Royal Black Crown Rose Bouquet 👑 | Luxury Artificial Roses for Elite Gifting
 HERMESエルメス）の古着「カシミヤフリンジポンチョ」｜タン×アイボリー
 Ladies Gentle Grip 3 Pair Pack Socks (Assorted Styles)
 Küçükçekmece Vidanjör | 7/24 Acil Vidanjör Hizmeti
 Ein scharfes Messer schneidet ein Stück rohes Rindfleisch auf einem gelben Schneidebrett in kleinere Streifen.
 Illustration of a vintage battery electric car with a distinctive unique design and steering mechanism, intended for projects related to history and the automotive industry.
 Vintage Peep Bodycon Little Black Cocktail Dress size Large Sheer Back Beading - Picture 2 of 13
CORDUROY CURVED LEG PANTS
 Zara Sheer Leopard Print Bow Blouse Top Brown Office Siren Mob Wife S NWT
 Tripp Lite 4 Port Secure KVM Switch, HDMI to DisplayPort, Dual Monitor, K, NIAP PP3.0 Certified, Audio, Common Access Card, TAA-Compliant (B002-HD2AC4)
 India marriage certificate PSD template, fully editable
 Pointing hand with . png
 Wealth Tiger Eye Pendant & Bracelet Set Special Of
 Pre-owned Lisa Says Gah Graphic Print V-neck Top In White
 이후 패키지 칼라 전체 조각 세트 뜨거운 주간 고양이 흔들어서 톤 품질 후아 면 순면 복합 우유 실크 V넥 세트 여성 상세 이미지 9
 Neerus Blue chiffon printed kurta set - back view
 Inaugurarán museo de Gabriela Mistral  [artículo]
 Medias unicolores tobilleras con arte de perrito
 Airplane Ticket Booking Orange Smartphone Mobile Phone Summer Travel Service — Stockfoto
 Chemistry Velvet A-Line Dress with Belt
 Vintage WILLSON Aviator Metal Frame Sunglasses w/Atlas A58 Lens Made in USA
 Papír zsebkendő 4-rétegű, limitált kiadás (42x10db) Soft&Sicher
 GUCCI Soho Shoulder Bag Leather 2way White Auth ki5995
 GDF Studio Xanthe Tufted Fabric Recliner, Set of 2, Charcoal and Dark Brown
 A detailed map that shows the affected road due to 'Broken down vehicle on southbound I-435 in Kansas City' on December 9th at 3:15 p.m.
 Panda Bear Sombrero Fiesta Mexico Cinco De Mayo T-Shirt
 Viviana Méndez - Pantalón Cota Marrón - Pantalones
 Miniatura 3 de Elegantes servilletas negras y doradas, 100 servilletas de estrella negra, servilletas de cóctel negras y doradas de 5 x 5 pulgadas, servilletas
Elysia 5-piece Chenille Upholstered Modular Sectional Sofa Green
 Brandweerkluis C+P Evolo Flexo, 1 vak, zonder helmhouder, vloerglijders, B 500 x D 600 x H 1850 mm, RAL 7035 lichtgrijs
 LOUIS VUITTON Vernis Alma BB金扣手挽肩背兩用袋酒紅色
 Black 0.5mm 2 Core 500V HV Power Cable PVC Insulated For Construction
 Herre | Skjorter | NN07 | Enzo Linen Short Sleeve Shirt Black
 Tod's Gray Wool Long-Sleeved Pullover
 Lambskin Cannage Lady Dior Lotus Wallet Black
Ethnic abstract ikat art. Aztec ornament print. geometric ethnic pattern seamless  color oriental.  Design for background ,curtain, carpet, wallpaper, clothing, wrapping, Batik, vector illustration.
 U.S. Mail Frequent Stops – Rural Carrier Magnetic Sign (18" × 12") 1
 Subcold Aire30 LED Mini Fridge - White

========================================

# [Exercise instructions]
Copy, word for word, the line that contains "U.S. Mail Frequent" and every line after it through the end of the records, and nothing else.

# [Exercise output]
 U.S. Mail Frequent Stops – Rural Carrier Magnetic Sign (18" × 12") 1
 Subcold Aire30 LED Mini Fridge - White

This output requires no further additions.